After trying the 3 Ws approach and the 4-step tool, you can engage the team. “Is anyone else uncomfortable with VT that is untreated?” You could address the members of the team: “Betsy, I am concerned. I think this is a problem. Do you agree?” Finally, you can use the chain of command to get help. “Dr. Bob, I am calling the attending physician to help this patient.”

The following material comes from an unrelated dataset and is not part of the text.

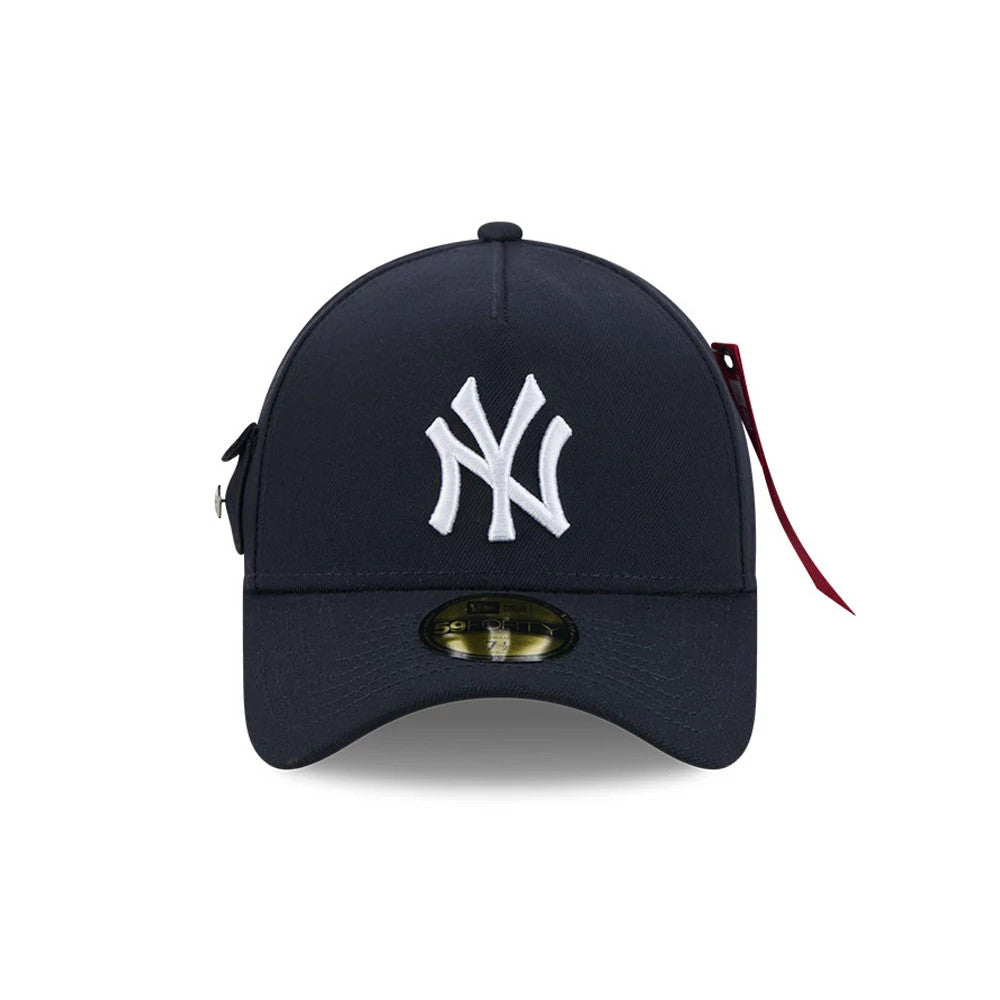 Pictured is this MLB X Alpha New York Yankees 59FORTY A-Frame Fitted cap in navy. 2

Taking Action to Prevent Harm
When a safety problem exists, every team member is empowered to take action to prevent patient harm. For example, you could step in, put your hand on the operator’s, and say, “This is not the right thing.” You could refuse to give the operator further equipment. Be sure to have a supervisor in the lab as well, as this may need some administrative muscle.
The Bottom Line
I believe our whole team enjoyed learning more about teamwork and communication tools to improve safety. As you might suspect, our lab has already been using many of these techniques, particularly since Dr. Arnold Seto has long been a champion of cath lab safety (see his previous CLD articles1-3). Effective leaders and followers communicate with confidence, clarity, and brevity, factors that make for the best transfer of important information that has the biggest role in the safe performance of our procedures.
References
1. Seto AH. Patient safety in the cath lab: take a time-out, part I of III. Cath Lab Digest. 2016 May; 24(5): 42-43. https://www.hmpgloballearningnetwork.com/site/cathlab/article/patient-safety-cath-lab-take-time-out-part-i-iii
2. Seto AH. Patient safety in the cath lab: a team sport, part II of III. Cath Lab Digest. 2016 July; 24(7): 30-33. https://www.hmpgloballearningnetwork.com/site/cathlab/article/patient-safety-cath-lab-team-sport-part-ii-iii
3. Seto AH. Patient safety in the cath lab: someone has to keep flying the plane, part III of III. Cath Lab Digest. 2016 September; 24(9): 22-23. https://www.hmpgloballearningnetwork.com/site/cathlab/article/patient-safety-cath-lab-someone-has-keep-flying-plane
Disclosures: Dr. Morton Kern reports he is a consultant for Abiomed, Abbott Vascular, Philips Volcano, ACIST Medical, and Opsens Inc.